Ein großer Denkfehler wurde in der Zeit der Planung gemacht. Die ganze Siedlung war ohne Kanalisation gebaut worden, und das in einem Gelände von schwerem Lehmboden durchzogen von Tonadern. Der aus einer Ziegelflachschicht erstellte Kellerfußboden nahm sofort Feuchtigkeit auf und im Herbst, wenn der Grundwasserspiegel stieg, stand der Keller bis zu 70cm unter Wasser. Zwar hatten einzelne Siedler zum Auffangen des Schmutzwassers eine Sickergrube von bis zu 3m Tiefe geschaffen, aber was war diese wert, wenn der Grundwasserspiegel bis zu 60cm unter der Erdoberfläche anstieg. Im Jahr 1938 bekam die Straße einen Kanal und jedes Haus wurde daran angeschlossen. Einige Siedler bauten noch eine zusätzliche Drainage um das Haus und hatten endlich trockene Keller.

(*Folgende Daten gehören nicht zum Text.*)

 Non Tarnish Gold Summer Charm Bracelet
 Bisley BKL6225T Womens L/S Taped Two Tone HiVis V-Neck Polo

Die Wasserversorgung war in den ersten Jahren ein Problem. Da nur eine Blei-Ringleitung vorhanden war, bekamen lediglich 3 von 40 Häusern eine Wasseruhr. Die drei Siedlerstellen mit den installierten Wasseruhren mußten nach der Verbrauchsablesung durch die Stadtwerke und entsprechender Rechnungsstellung das Wassergeld von den restlichen 37 Siedlern einholen und an die Stadtwerke bezahlen. Da die erwähnte Ringleitung und insbesondere die Hausanschlüsse durch oftmalige Rohrbrüche die Wasserversorgung schwierig machten, erhielt die Straße nach einigen Jahren eine neue Hauptleitung und jedes Haus wurde mit eigener Wasseruhr daran angeschlossen.

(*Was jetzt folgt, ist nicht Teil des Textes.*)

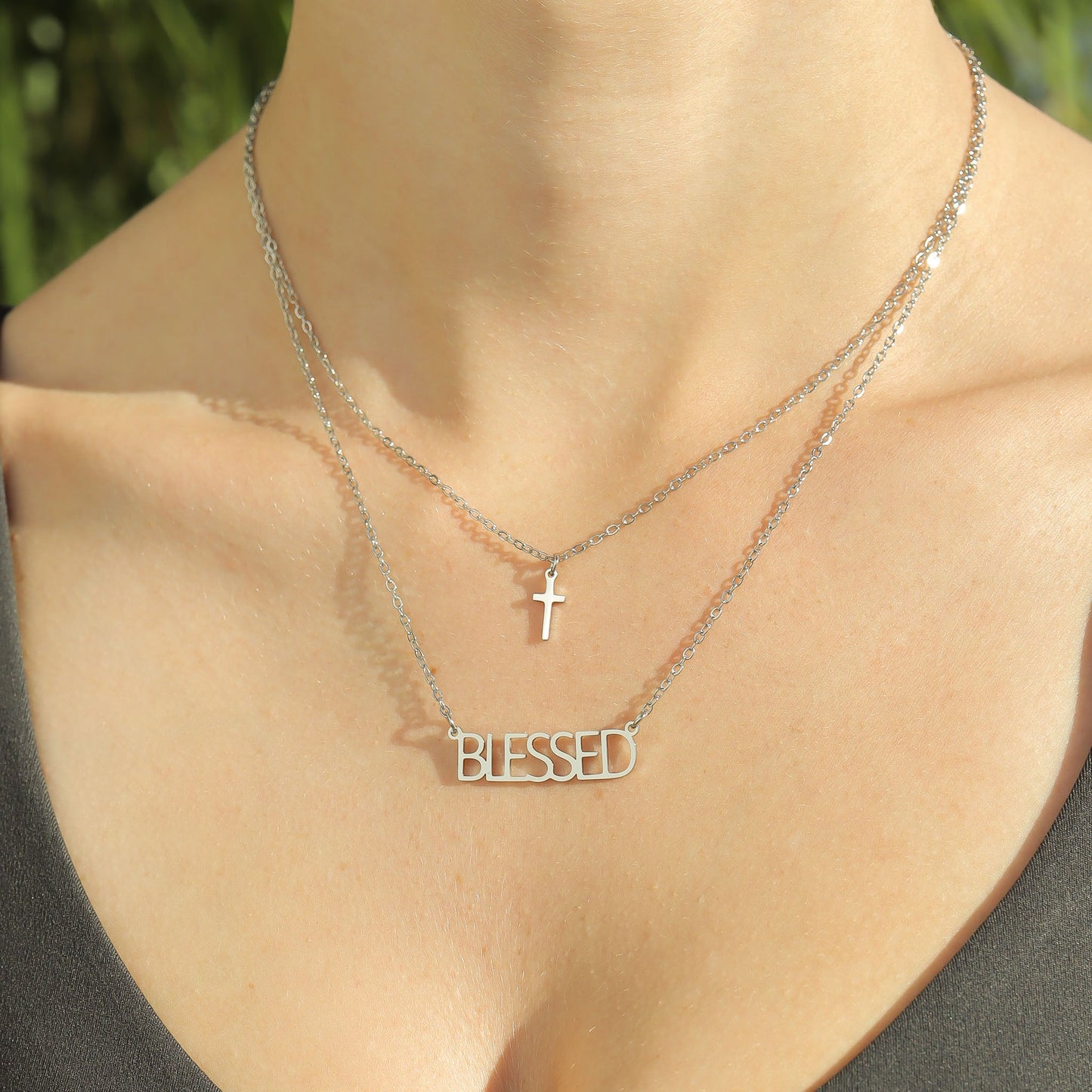 Blessed Cross Charm Necklace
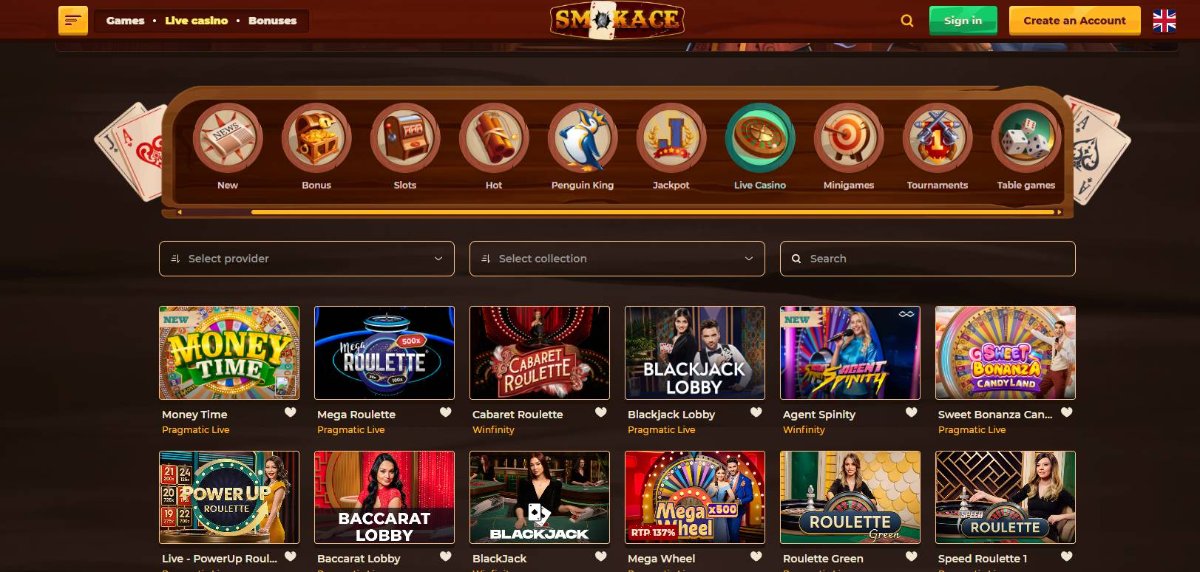Live Games at Smokeace Casino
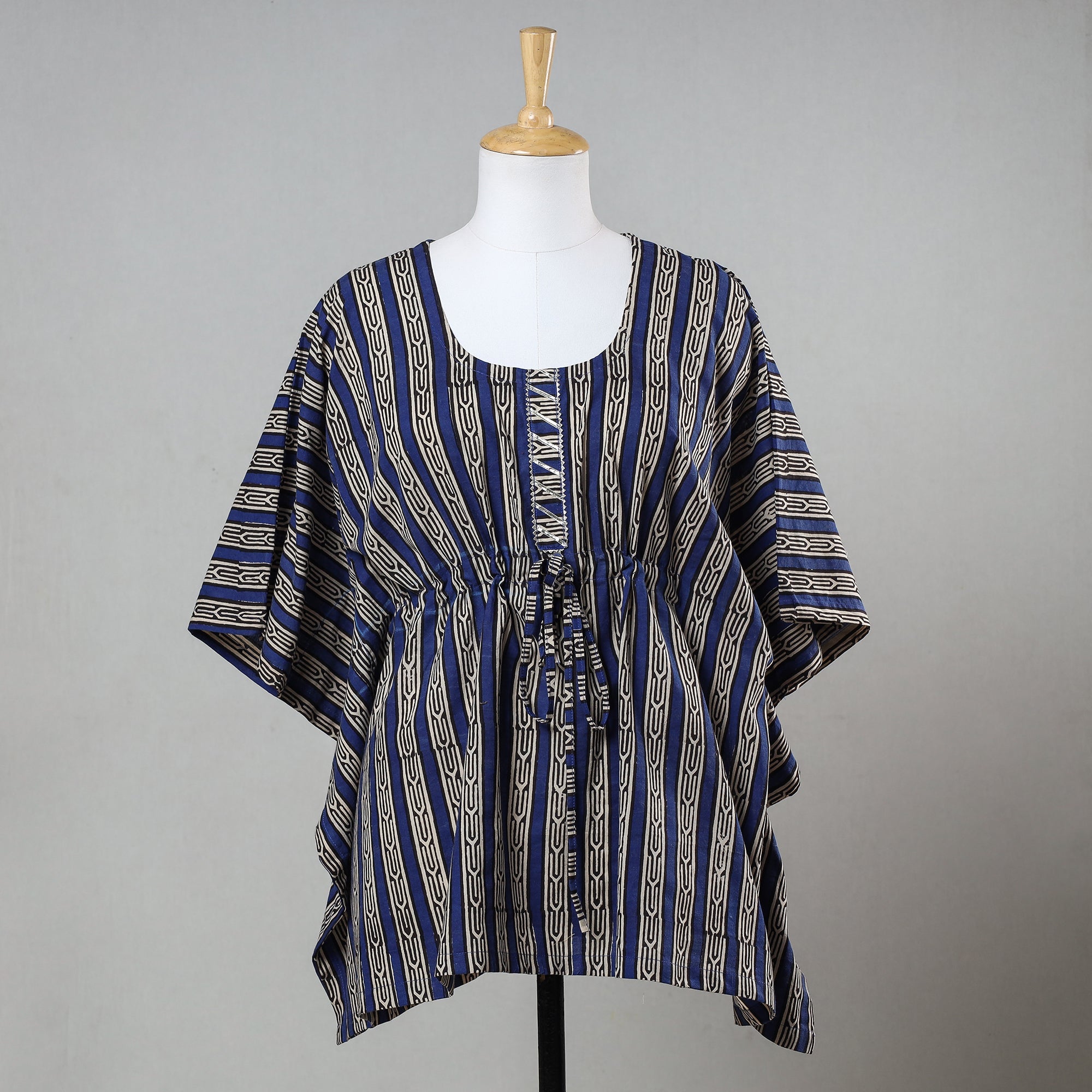 ITOKRI CASUALS Blue - Bagru Block Printed Cotton Kaftan with Tie-Up Waist (Short)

Im Jahr 1943 wurde dann von der Stadt das in Erbpacht überlassene Grundstück den Siedlern zum Kauf angeboten. Sehr viele Siedler nahmen dieses Angebot gerne an, war der Kaufpreis doch relativ gering. Im Erbpachtvertrag war ein Preis von 1,20 RM pro Quadratmeter festgeschrieben.

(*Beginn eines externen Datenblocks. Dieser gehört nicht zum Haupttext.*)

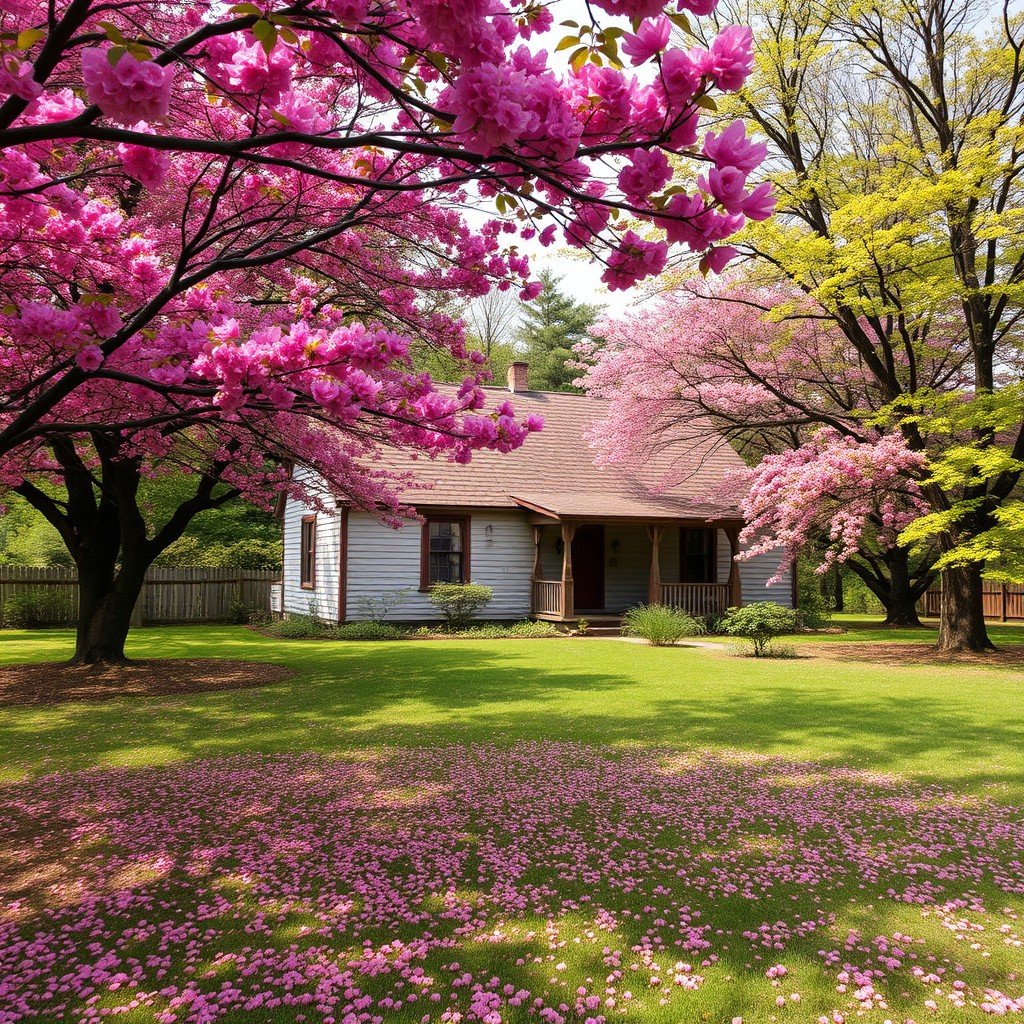 An old one-story house with a charming architectural style surrounded by a sprawling yard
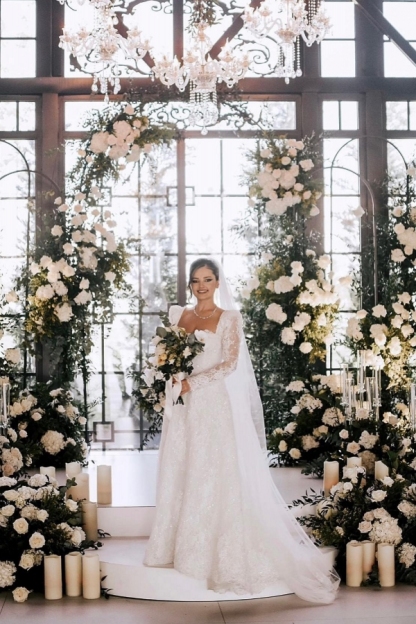 Vintage Hochzeitskleider mit Glitzer | Spitze A Linie Brautkleider mit Ärmel
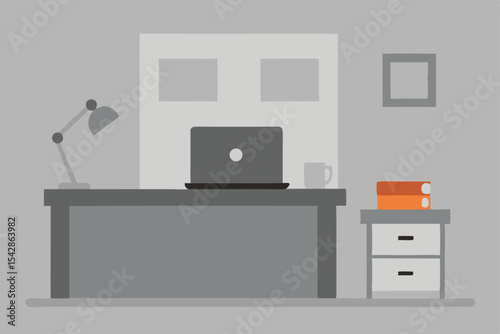 Modern Minimalist Home Office Setup Desk, Laptop, and Organization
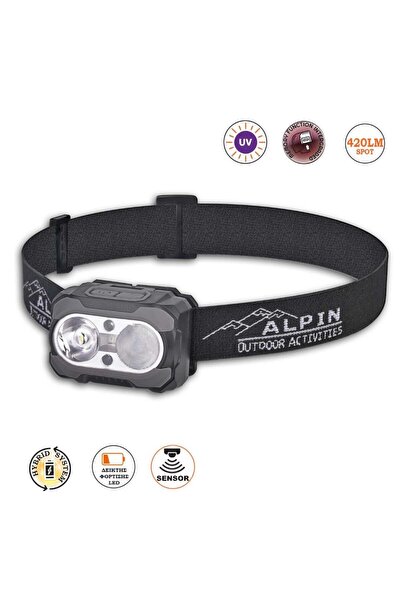 ALPINPRO Φακός Κεφαλής Hybrid 420LM+UV+Κόκκινο COB Alpin 386UV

Warum heißt die Otto-Laue Straße "Stachelbeersiedlung"?
 
Wie bereits erwähnt bekam jeder Siedler eine gewisse Anzahl von Stachelbeersträuchern für die Abgrenzung des eigenen Grundstücks zur Straße. Während der Kriegsjahre und insbesondere in den ersten Nachkriegsjahren zogen die leckeren Früchte viele begehrende Blicke auf sich. Es sprach sich in Annen sehr schnell herum, daß dort die knappen Früchte direkt an der Straße reiften. Wollte man dies jemanden erklären, so sprach man von der Siedlung mit den vielen Stachelbeeren. Den Straßennamen von vor 1945 (Franz-Seldte-Straße) wollte man nicht mehr aussprechen und der neue Name (Otto-Laue Straße) war noch nicht so geläufig. Also verständigte man sich von da an mit dem Begriff "Stachelbeersiedlung"...und dieser Name hat sich bis in die heutige Zeit gehalten.